WORK TO BE COMPLETED: What lines of the material hold the string "Premium"? Pull each of them out.
[[ DATA SECTION, beginning ]]
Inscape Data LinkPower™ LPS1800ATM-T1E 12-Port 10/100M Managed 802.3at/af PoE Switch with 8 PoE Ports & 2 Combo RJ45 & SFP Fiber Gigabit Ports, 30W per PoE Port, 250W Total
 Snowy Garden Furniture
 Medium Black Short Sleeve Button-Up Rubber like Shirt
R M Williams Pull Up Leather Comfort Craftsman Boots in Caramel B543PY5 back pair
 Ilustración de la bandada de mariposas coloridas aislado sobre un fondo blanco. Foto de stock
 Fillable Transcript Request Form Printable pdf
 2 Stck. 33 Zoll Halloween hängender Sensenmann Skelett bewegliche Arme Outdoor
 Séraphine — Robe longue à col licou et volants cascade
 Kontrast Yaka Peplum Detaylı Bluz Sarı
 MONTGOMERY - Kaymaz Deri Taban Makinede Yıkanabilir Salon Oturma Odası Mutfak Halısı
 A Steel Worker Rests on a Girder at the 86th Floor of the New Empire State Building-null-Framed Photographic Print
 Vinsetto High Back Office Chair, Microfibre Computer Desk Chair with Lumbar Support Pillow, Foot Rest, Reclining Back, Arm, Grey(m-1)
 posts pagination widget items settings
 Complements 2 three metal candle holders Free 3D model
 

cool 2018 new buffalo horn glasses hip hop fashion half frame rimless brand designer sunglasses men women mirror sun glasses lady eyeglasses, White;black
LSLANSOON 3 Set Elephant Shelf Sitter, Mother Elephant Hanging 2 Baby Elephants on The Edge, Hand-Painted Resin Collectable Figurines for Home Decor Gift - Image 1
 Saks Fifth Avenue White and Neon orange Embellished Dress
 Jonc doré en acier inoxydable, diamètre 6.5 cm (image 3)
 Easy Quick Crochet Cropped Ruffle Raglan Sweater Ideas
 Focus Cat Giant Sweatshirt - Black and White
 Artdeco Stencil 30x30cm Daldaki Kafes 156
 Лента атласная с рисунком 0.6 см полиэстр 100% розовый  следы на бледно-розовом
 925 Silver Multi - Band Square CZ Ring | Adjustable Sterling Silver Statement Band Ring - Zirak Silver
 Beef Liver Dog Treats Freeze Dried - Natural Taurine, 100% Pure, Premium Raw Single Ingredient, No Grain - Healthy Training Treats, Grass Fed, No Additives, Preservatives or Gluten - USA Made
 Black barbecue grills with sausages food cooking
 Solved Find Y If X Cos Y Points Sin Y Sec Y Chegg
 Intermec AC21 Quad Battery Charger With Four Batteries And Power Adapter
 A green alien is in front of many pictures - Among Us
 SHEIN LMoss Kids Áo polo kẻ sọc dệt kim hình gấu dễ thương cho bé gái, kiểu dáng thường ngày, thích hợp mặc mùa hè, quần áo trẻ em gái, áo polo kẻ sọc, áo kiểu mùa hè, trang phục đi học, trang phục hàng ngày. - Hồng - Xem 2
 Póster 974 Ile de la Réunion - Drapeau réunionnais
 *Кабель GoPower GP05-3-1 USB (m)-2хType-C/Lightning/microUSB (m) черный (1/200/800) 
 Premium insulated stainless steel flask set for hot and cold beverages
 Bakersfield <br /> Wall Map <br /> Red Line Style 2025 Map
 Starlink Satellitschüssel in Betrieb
[[ DATA SECTION, end ]]
RESPONSE TO THE EXERCISE:
 Beef Liver Dog Treats Freeze Dried - Natural Taurine, 100% Pure, Premium Raw Single Ingredient, No Grain - Healthy Training Treats, Grass Fed, No Additives, Preservatives or Gluten - USA Made
 Premium insulated stainless steel flask set for hot and cold beverages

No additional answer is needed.